If you’re looking to divorce your website from the ‘You Might Also Like’ bar at the bottom of the page, this embedded feature might be the content marketer’s ticket to internal link heaven
Be it a news website, a technology portal, a gaming how-to, or some random company’s side blog, the bane of content publishing is trying to 1) get readers to check out the other things you or your team or your clients have written. At the same time, especially for news organizations, 2) giving background information on a certain story and 3) providing flowing visuals can drag out the amount of time it takes to publish a good article.
TLine has a simple and yet elegant solution to all three of those challenges. They have built an embedded timeline feature where websites can show the development of certain or related stories, offering readers the clean opportunity to click on more visible internal links on the website.
Founded in 2015 as Crayze Media, they had a more general focus on adtech and e-commerce before stumbling upon the timeline idea. They had been looking to develop an app for flash deals (or “ephemeral deals”) and then customized native ads before the pivot that came from a eureka moment during a strategy meeting.

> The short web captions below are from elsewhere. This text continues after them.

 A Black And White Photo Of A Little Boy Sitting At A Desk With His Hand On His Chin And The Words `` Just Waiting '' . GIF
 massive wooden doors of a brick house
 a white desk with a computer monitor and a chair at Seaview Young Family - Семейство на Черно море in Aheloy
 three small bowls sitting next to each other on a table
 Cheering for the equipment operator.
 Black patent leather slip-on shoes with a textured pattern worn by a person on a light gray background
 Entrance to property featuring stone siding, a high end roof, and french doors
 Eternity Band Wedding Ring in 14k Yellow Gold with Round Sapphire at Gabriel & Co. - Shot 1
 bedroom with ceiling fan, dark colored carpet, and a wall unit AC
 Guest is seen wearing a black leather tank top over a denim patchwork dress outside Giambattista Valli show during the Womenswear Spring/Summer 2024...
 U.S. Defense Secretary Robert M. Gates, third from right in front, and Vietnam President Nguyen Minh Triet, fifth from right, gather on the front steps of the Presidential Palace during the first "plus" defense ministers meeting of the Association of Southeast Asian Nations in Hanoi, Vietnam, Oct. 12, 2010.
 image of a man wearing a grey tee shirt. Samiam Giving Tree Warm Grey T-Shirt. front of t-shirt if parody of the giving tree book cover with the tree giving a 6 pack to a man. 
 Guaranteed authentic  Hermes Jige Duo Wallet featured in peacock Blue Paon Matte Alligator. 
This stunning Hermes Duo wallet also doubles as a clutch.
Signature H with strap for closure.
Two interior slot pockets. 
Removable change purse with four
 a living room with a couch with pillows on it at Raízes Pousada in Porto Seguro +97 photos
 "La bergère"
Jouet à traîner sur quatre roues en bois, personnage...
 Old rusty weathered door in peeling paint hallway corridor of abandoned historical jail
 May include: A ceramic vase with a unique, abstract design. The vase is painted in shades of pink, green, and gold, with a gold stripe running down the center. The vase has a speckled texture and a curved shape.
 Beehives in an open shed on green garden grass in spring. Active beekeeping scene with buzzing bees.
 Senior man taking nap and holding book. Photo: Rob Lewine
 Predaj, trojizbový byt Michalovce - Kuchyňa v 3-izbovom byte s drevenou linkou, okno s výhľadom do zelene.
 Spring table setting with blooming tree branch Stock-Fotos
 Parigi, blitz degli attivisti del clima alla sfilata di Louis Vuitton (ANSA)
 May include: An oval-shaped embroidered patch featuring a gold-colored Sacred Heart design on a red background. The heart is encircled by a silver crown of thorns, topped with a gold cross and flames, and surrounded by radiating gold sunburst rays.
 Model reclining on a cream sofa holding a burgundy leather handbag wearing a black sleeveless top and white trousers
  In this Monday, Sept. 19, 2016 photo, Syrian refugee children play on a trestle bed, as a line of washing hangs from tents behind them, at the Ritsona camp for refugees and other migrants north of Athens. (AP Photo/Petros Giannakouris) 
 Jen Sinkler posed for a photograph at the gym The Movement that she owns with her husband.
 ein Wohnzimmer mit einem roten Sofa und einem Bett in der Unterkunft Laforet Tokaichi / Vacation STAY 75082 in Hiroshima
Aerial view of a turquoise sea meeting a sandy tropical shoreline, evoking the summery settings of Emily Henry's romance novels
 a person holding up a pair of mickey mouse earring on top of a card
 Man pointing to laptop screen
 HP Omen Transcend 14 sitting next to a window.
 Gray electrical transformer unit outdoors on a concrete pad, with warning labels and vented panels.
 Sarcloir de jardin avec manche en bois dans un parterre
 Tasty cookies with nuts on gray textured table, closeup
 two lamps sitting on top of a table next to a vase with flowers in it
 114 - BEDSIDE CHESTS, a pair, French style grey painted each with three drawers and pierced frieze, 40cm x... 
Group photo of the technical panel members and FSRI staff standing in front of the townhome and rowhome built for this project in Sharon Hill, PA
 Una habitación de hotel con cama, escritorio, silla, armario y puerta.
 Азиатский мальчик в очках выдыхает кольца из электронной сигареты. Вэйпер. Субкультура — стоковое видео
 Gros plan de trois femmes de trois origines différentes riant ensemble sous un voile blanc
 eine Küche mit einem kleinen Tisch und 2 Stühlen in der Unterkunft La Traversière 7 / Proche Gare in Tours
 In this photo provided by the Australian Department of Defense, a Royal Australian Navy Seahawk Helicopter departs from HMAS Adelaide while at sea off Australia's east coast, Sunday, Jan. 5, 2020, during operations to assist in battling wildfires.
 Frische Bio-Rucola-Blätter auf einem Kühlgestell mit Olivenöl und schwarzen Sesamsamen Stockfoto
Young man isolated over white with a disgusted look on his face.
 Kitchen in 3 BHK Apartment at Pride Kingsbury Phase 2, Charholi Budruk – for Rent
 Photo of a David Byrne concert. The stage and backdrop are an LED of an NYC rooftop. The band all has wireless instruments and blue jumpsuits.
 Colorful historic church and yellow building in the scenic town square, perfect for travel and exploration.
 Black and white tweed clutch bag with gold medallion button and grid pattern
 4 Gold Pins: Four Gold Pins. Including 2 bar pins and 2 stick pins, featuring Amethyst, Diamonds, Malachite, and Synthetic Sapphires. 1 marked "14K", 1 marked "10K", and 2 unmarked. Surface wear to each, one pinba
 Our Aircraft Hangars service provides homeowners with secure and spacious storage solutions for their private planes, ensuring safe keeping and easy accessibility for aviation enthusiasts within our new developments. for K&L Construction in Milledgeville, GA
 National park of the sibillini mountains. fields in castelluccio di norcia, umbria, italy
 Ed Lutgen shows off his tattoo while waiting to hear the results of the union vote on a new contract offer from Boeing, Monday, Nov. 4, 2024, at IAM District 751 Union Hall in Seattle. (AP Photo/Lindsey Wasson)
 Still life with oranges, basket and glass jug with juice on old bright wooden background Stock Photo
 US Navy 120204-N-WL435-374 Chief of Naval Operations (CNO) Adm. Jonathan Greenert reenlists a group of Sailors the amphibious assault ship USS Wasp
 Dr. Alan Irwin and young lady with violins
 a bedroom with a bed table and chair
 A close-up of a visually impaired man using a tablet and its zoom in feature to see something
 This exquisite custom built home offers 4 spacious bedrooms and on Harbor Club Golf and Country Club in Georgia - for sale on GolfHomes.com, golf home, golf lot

“Three months ago we stopped, wrote everything on the board as a timeline, then saw it as a good way to present a timeline,” Founder and CEO Avishay Ovadia tells Geektime. “It began as a side project but now it’s a whole platform, like Playbuzz or Outbrain.”
Those names are not just random internet players. The timelines TLine creates have the potential to better direct traffic to other links — often within your own website — better than Outbrain or Taboola’s bottom-of-the-page “you might also like” section.
As you can see here, it serves as an interactive visual and highlight reel (more on that in a moment). For anyone who is bereft the opportunity or budget to create a nifty and useful infographic, the headache is alleviated with a very simple embedded feature that allows clicks on key points in the timeline (back to your own website or to another) and has some visual customization with its theme color, main logo and a main cover image.
The format paints a much clearer picture of background info for a given article. For news websites looking for ways to make internal links pop out at readers, this has the potential to go a long way. An image, a date, and a reiterated title make references to old events relevant to a current article on self-driving cars a little more obvious. It also does not force a readers to click a link about Lyft’s $1 billion funding round while in the midst of trying to complete reading a sentence.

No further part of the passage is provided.